Results 1 to 8 of 8

Math Help - Central Limit Theorem.

  1. #1
    Junior Member
    Joined
    Nov 2008
    Posts
    45

    Central Limit Theorem.

    Another one of those review exercises questions!

    A box contains an unknown number of white and black balls. We wish to estimate the proportion p of white balls in the box. To do so, we draw n successive balls with replacement. Let Z_n be the proportion of white balls obtained after n drawings.

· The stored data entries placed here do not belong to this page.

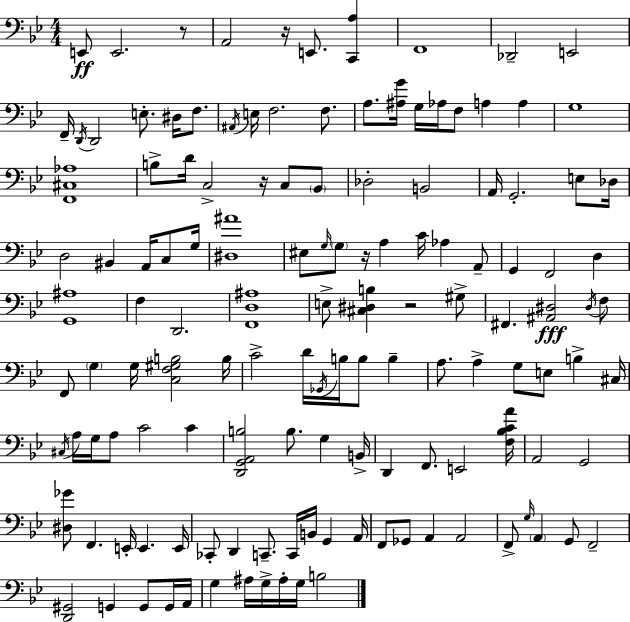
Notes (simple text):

E2/e E2/h. R/e A2/h R/s E2/e. [C2,A3]/q F2/w Db2/h E2/h F2/s D2/s D2/h E3/e. D#3/s F3/e. A#2/s E3/s F3/h. F3/e. A3/e. [A#3,G4]/s G3/s Ab3/s F3/e A3/q A3/q G3/w [F2,C#3,Ab3]/w B3/e D4/s C3/h R/s C3/e Bb2/e Db3/h B2/h A2/s G2/h. E3/e Db3/s D3/h BIS2/q A2/s C3/e G3/s [D#3,A#4]/w EIS3/e G3/s G3/e R/s A3/q C4/s Ab3/q A2/e G2/q F2/h D3/q [G2,A#3]/w F3/q D2/h. [F2,D3,A#3]/w E3/e [C#3,D#3,B3]/q R/h G#3/e F#2/q. [A#2,D#3]/h D#3/s F3/e F2/e G3/q G3/s [C3,F3,G#3,B3]/h B3/s C4/h D4/s Gb2/s B3/s B3/e B3/q A3/e. A3/q G3/e E3/e B3/q C#3/s C#3/s A3/s G3/s A3/e C4/h C4/q [D2,G2,A2,B3]/h B3/e. G3/q B2/s D2/q F2/e. E2/h [F3,Bb3,C4,A4]/s A2/h G2/h [D#3,Gb4]/e F2/q. E2/s E2/q. E2/s CES2/e D2/q C2/e. C2/s B2/s G2/q A2/s F2/e Gb2/e A2/q A2/h F2/e G3/s A2/q G2/e F2/h [D2,G#2]/h G2/q G2/e G2/s A2/s G3/q A#3/s G3/s A#3/s G3/s B3/h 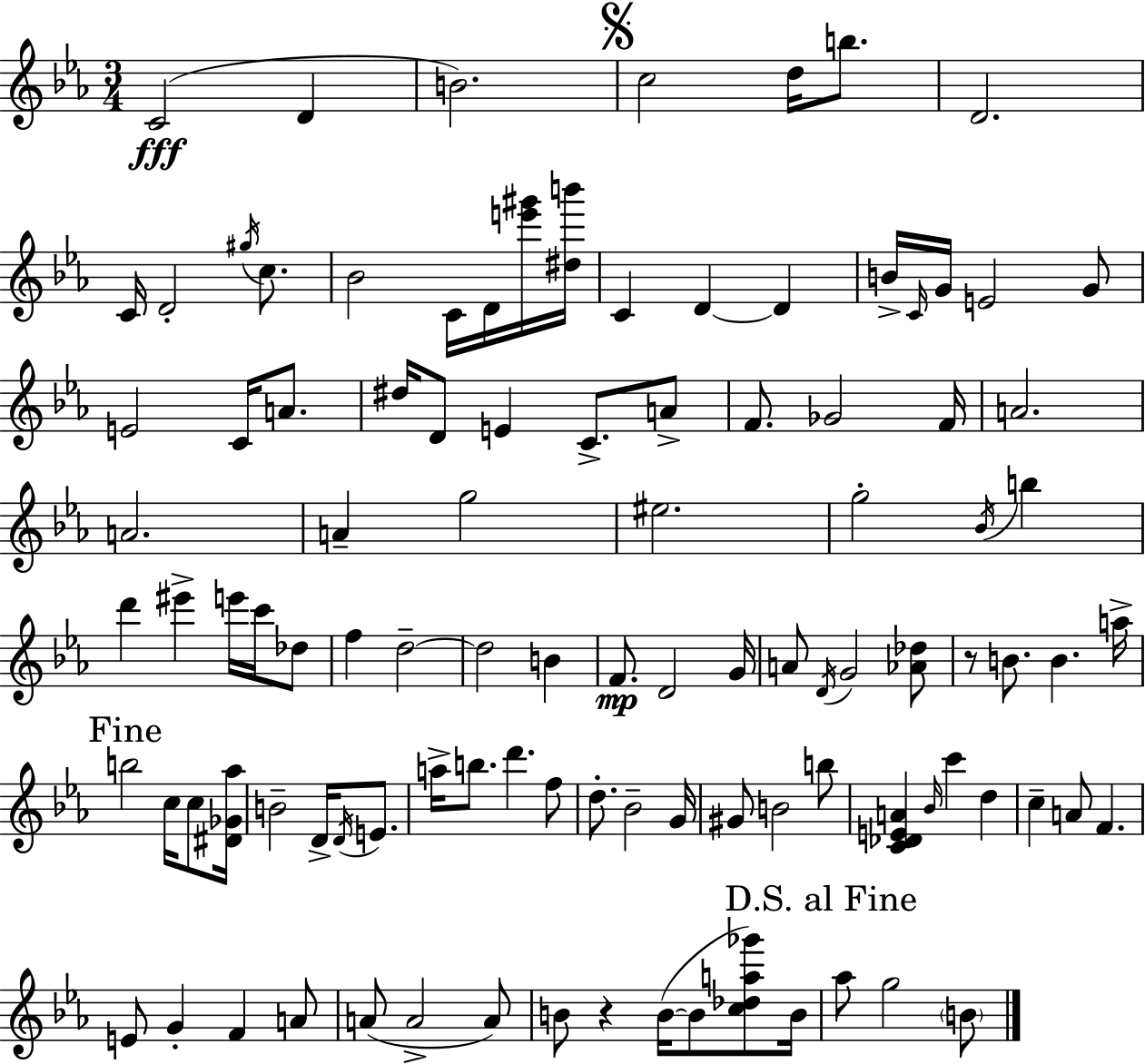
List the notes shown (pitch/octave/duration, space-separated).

C4/h D4/q B4/h. C5/h D5/s B5/e. D4/h. C4/s D4/h G#5/s C5/e. Bb4/h C4/s D4/s [E6,G#6]/s [D#5,B6]/s C4/q D4/q D4/q B4/s C4/s G4/s E4/h G4/e E4/h C4/s A4/e. D#5/s D4/e E4/q C4/e. A4/e F4/e. Gb4/h F4/s A4/h. A4/h. A4/q G5/h EIS5/h. G5/h Bb4/s B5/q D6/q EIS6/q E6/s C6/s Db5/e F5/q D5/h D5/h B4/q F4/e. D4/h G4/s A4/e D4/s G4/h [Ab4,Db5]/e R/e B4/e. B4/q. A5/s B5/h C5/s C5/e [D#4,Gb4,Ab5]/s B4/h D4/s D4/s E4/e. A5/s B5/e. D6/q. F5/e D5/e. Bb4/h G4/s G#4/e B4/h B5/e [C4,Db4,E4,A4]/q Bb4/s C6/q D5/q C5/q A4/e F4/q. E4/e G4/q F4/q A4/e A4/e A4/h A4/e B4/e R/q B4/s B4/e [C5,Db5,A5,Gb6]/e B4/s Ab5/e G5/h B4/e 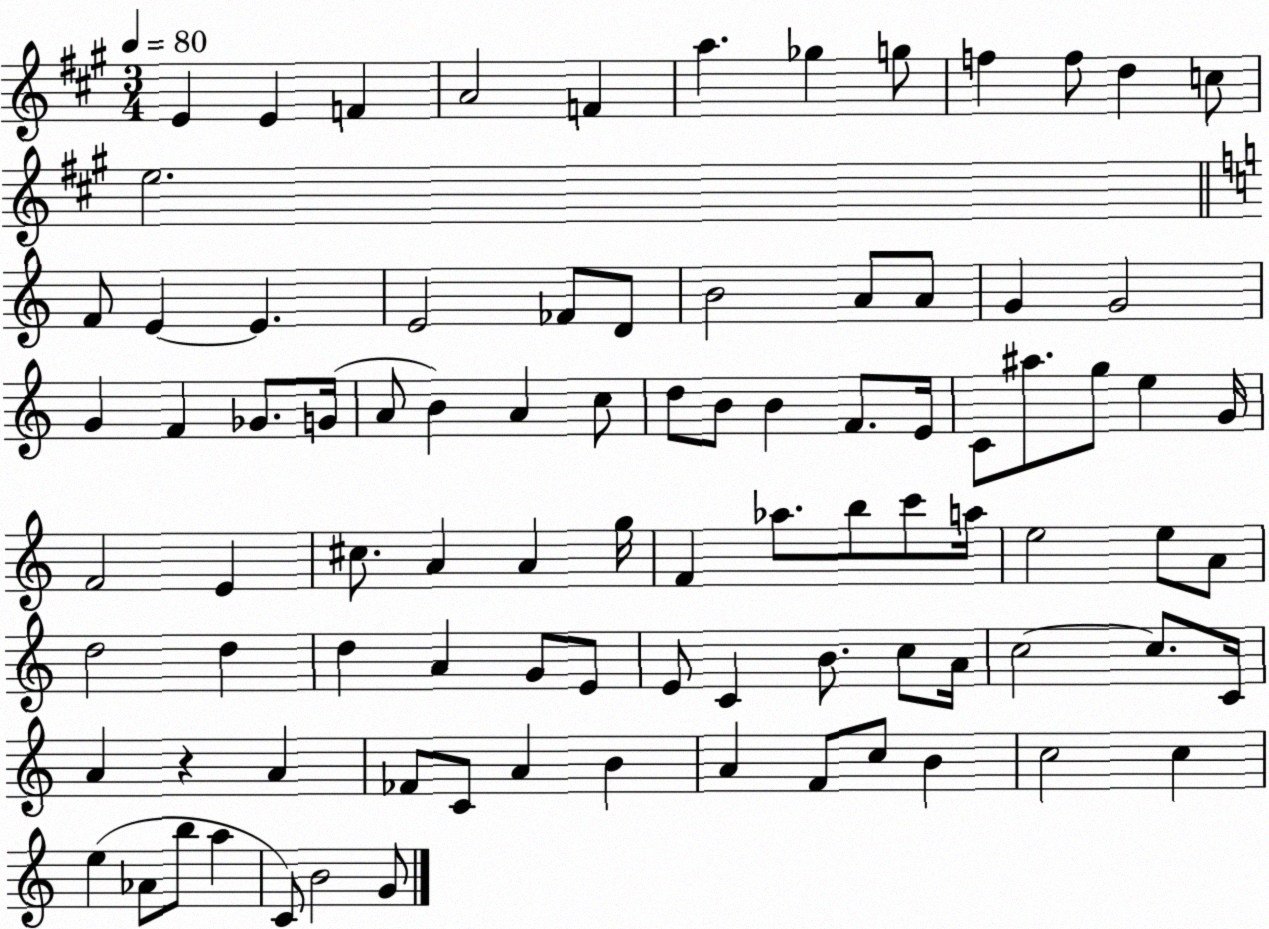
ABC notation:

X:1
T:Untitled
M:3/4
L:1/4
K:A
E E F A2 F a _g g/2 f f/2 d c/2 e2 F/2 E E E2 _F/2 D/2 B2 A/2 A/2 G G2 G F _G/2 G/4 A/2 B A c/2 d/2 B/2 B F/2 E/4 C/2 ^a/2 g/2 e G/4 F2 E ^c/2 A A g/4 F _a/2 b/2 c'/2 a/4 e2 e/2 A/2 d2 d d A G/2 E/2 E/2 C B/2 c/2 A/4 c2 c/2 C/4 A z A _F/2 C/2 A B A F/2 c/2 B c2 c e _A/2 b/2 a C/2 B2 G/2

    (i) Show that for all \epsilon > 0,
    \mathbb P (|Z_{n} - p| \geq \epsilon) \leq \frac{1}{4n \epsilon^2}
    (ii) Using the result in part (i), find the smallest value of n such that with probability greater than 0.95, the proportion Z_{n} in the sample will estimate p within 0.1.

    (iii) Same question as in (ii) using the central limit theorem.

    Thank you again guys! Been great help, really!
    Follow Math Help Forum on Facebook and Google+

  2. #2
    Moo
    Moo is offline
    A Cute Angle Moo's Avatar
    Joined
    Mar 2008
    From
    P(I'm here)=1/3, P(I'm there)=t+1/3
    Posts
    5,618
    Thanks
    6
    Hello,
    Quote Originally Posted by panda* View Post
    Another one of those review exercises questions!

    A box contains an unknown number of white and black balls. We wish to estimate the proportion p of white balls in the box. To do so, we draw n successive balls with replacement. Let Z_n be the proportion of white balls obtained after n drawings.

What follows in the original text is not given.